■ Exercise details:
Please restate the entries below word for word, leaving out any pictures.

(Crawled caption data)
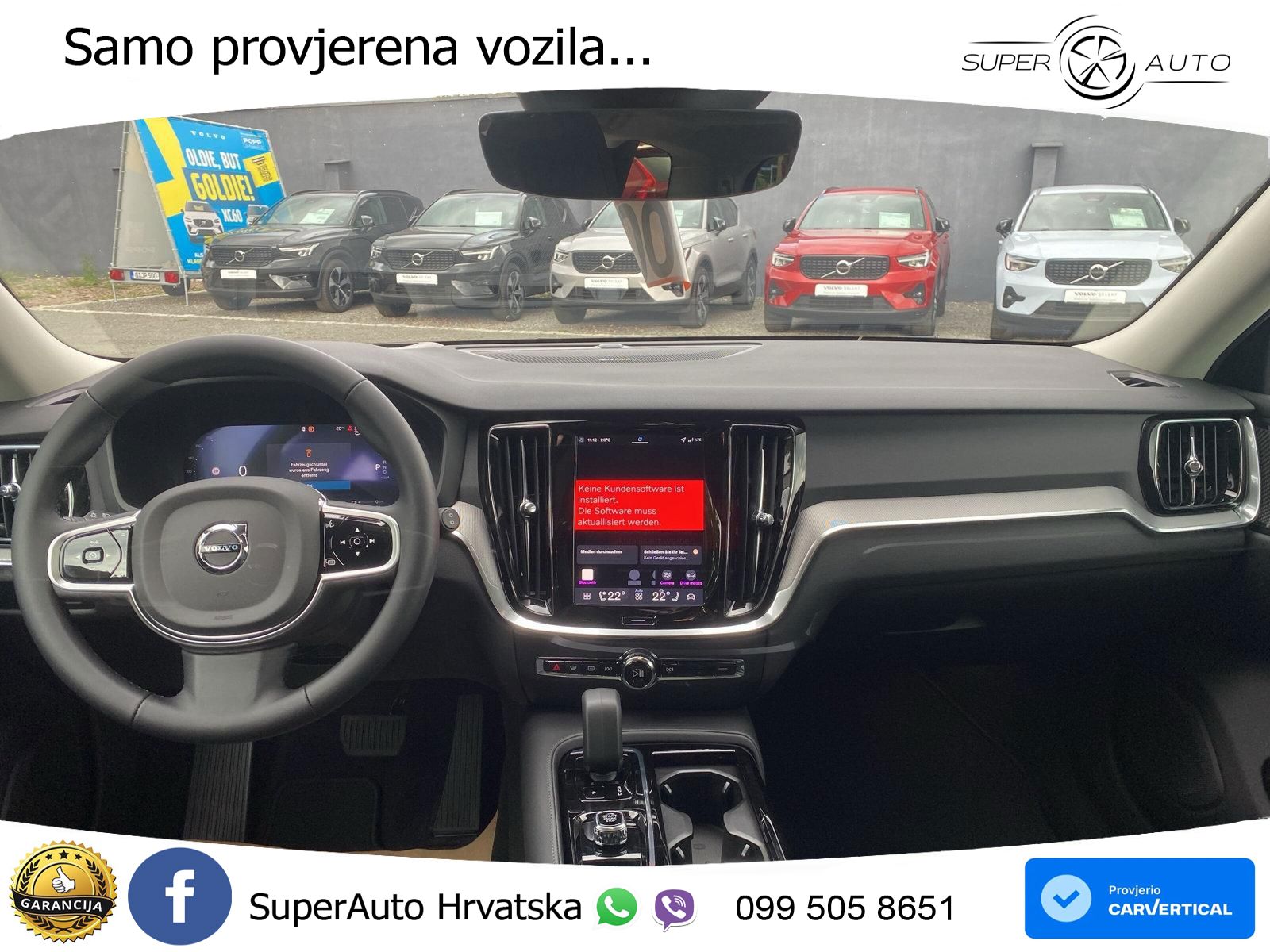 Volvo V60 2.0 T6 AWD Geartronic ACC+HEAD+4xGR SJED+360+PANO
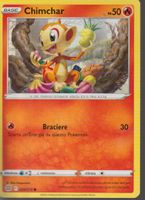 TCG POKEMON ASTRI LUCENTI BRS 024 /172  CHIMCHAR Italiano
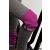 Knee warmer women FIOLLA BIKE - cyclamen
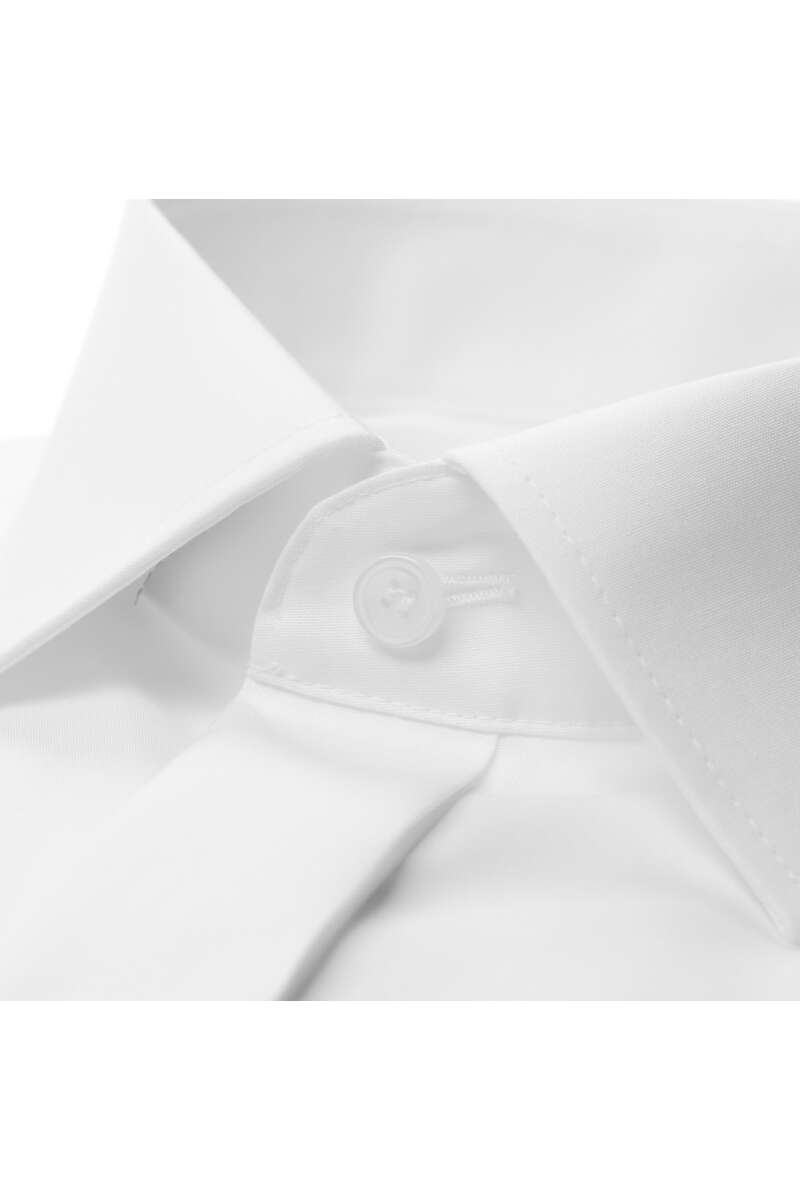 MARVELIS LANGARM HEMD MODERN FIT WEISS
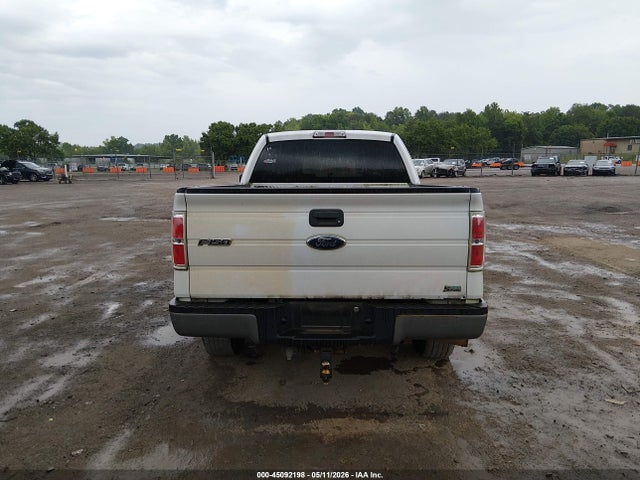 Продаж на аукціоні авто 2010 Ford F-150 Fx4/lariat/xl/xlt, vin: 1FTFX1EVXAFC36492, номер лоту: 45092198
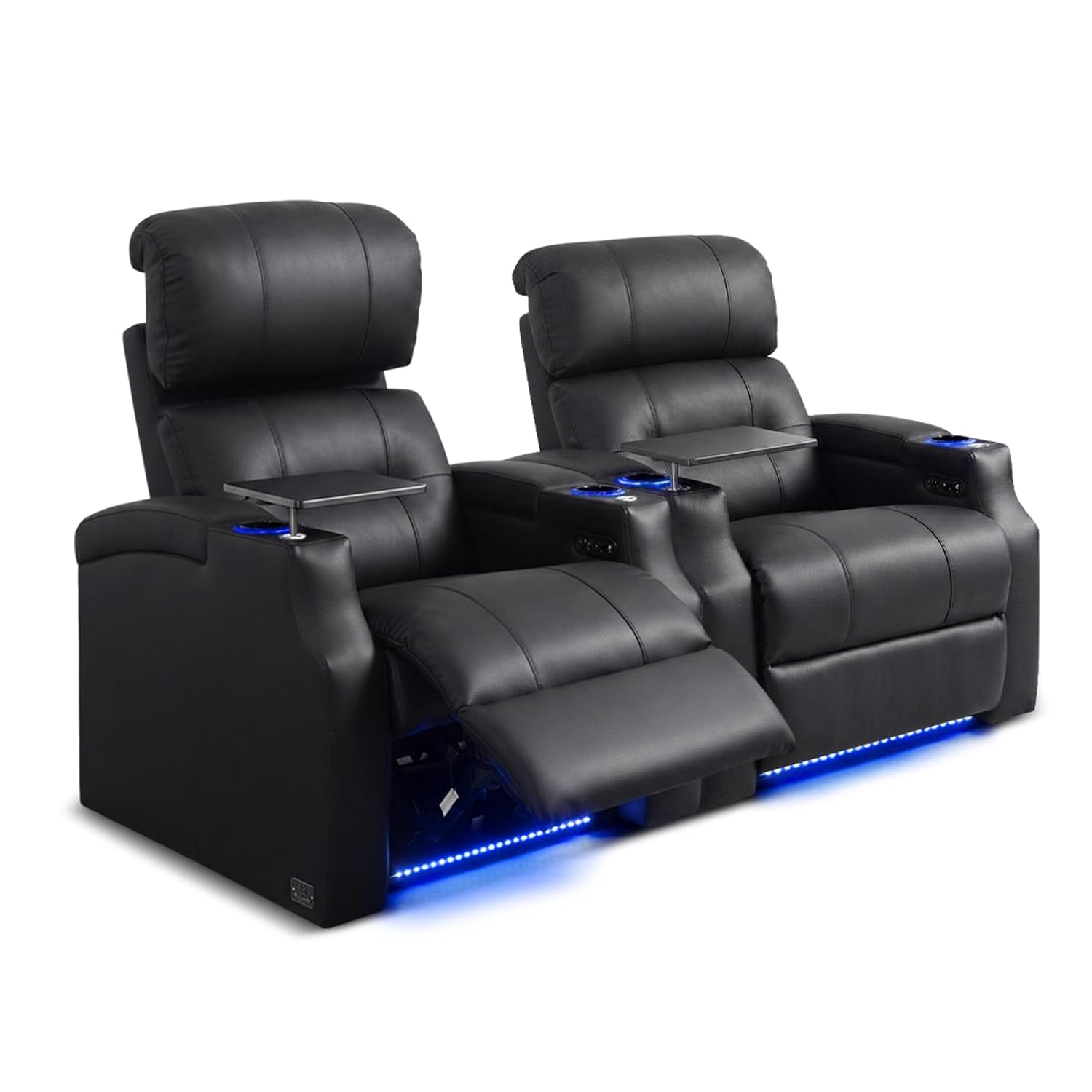 Kursi Recliner untuk Ruang Hib - Home Cinema Chairs ulasan dan harga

■ Answer to the exercise:
 Volvo V60 2.0 T6 AWD Geartronic ACC+HEAD+4xGR SJED+360+PANO
 TCG POKEMON ASTRI LUCENTI BRS 024 /172  CHIMCHAR Italiano
 Knee warmer women FIOLLA BIKE - cyclamen
 MARVELIS LANGARM HEMD MODERN FIT WEISS
 Продаж на аукціоні авто 2010 Ford F-150 Fx4/lariat/xl/xlt, vin: 1FTFX1EVXAFC36492, номер лоту: 45092198
 Kursi Recliner untuk Ruang Hib - Home Cinema Chairs ulasan dan harga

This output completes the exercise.